In their cynical formulation, there is no such thing really as a judge who would interpret rather than make laws; a judge’s fitness for the bench is primarily a function of what policies he supports, that is, his political philosophy rather than his judicial philosophy. To them, the phrases “strict constructionist,” “originalist” and “judicial restraint” are just euphemisms for “conservative judicial activism.”

According to them, on this issue, conservatives are transparent phonies who advocate a limited role for the courts to disguise their sinister intention of leading the nation back — in the words of Boxer — “to the days of back alley illegal abortions.” Conservative judges would make policy all right, but it would be conservative policy.

To illustrate, an e-mailer — obviously a graduate of the Boxer school on constitutional misinformation — told me, “You really want an originalist judge that will overturn existing precedent in favor of earlier understandings. In other words, you want a conservative activist.”

There you have it. A judge who “will overturn existing precedent in favor of earlier understandings” is a “conservative activist.” Thus, through semantic sleight of hand, moral equivalence is established between those who would sacrifice constitutional principle at the altar of the liberal policy agenda and those who insist on preserving the Constitution as the supreme law of the land.

Here’s my answer: “No I don’t want a conservative activist — a judge who will either twist the words of the Constitution or effectively add words to it for the purpose of implementing a conservative policy agenda. I don’t believe it is legally or morally acceptable for judges to legislate from the bench, even if they legislate conservative policy.”

An “originalist” Court would be no guarantee of a conservative policy shift. A reversal of Roe v. Wade, for example, wouldn’t necessarily lead to the wholesale illegality of abortion. But it would restore power to the states to decide an issue properly left to them, which would expand the people’s liberty (choice?) and sovereignty. (Even if the Neanderthal Southern states outlawed it, surely expectant mothers could travel north or northeast to find sanctuary.)

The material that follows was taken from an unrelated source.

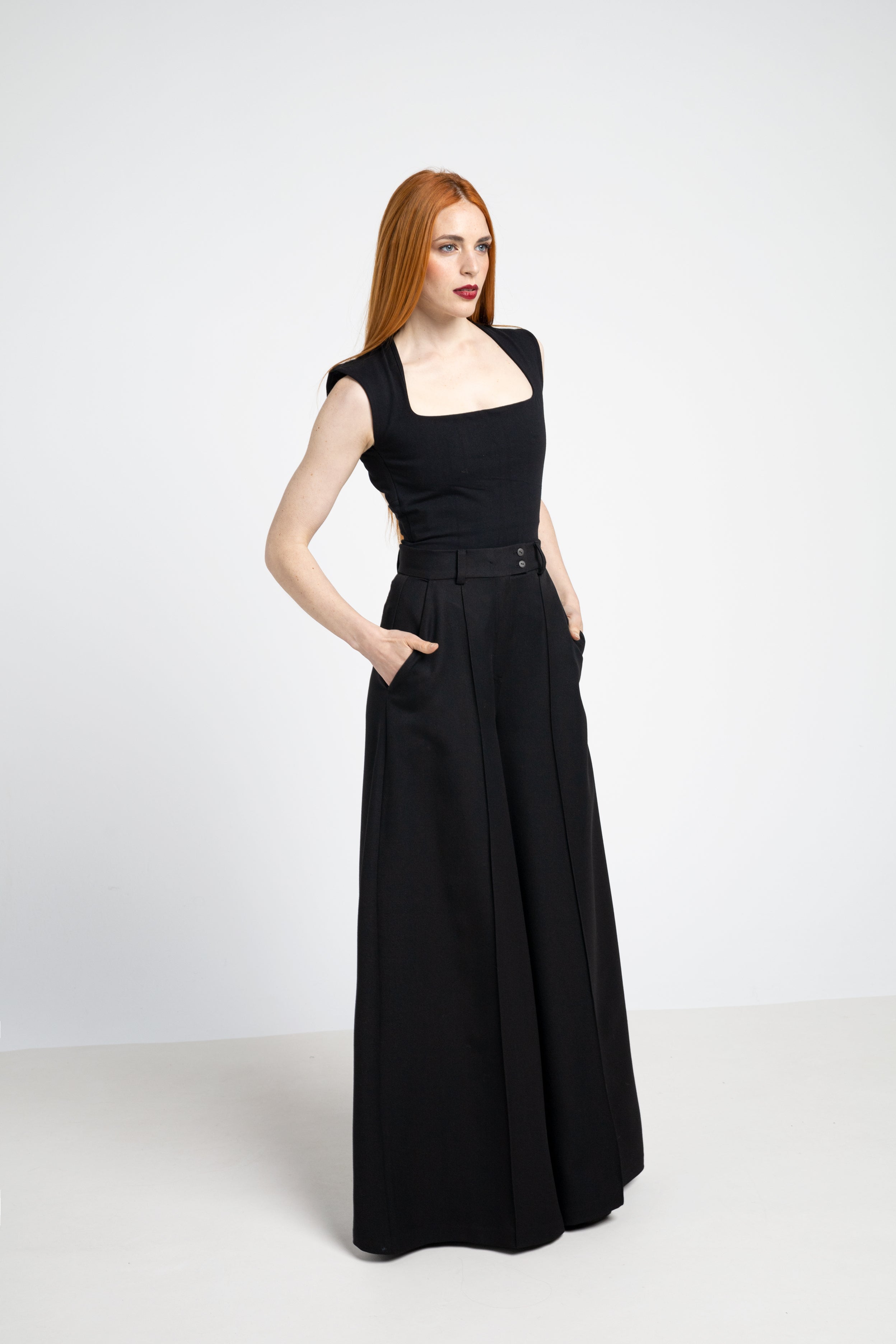 Elephant maxi wide Leg trousers - Black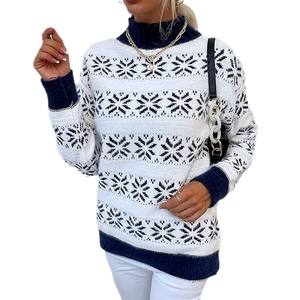 Femmes européennes et américaines automne et hiver mode noël motif flocon de neige <span class=keywords><strong>pull</strong></span> semi-col haut <span class=keywords><strong>pull</strong></span> tricoté haut - Product Image 5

Advocates of “original intent,” more accurately called “original understanding,” generally believe the Constitution established the best governmental structure ever conceived by human beings. They believe the principles undergirding it and inhering in it are responsible for the creation and development of the freest and most prosperous nation in the history of the world. They believe the abandonment of those principles has led and will continue to lead to the coarsening and debasing of our culture and the erosion and eventual eradication of our liberties.

Further, they believe that the safest bet to preserve these transcendent constitutional principles is to take the document seriously — dead seriously. Judges should not make a mockery of its language by ascribing meaning to it that was never intended, no matter how much they may believe in the desirability of the extra-constitutional result they’re seeking to achieve.

The governmental powers and limitations the Framers incorporated in the Constitution came with a purpose — usually to safeguard the liberties of the people. To the extent you ignore its prescriptions, you jeopardize liberties.

As corny as this may sound, many constitution-loving conservatives support judicial restraint and “originalism” not because they want to see shifts toward conservative policy, though that will be an emphatically welcome byproduct, should it occur. They favor constitutionalist judges because they believe in the Constitution — not out of some misguided political idolatry, but because they believe in its principles and the freedoms those principles ensure.

If the political branches continue to allow the composition of the Court to tilt toward judicial activism, the implosion of our unique system of government is inevitable because judge-made law and constitutional revisionism is like building a house on a foundation of sand. Without diminishing the staggering importance of such issues as abortion, we’re talking here about the very preservation of the republic.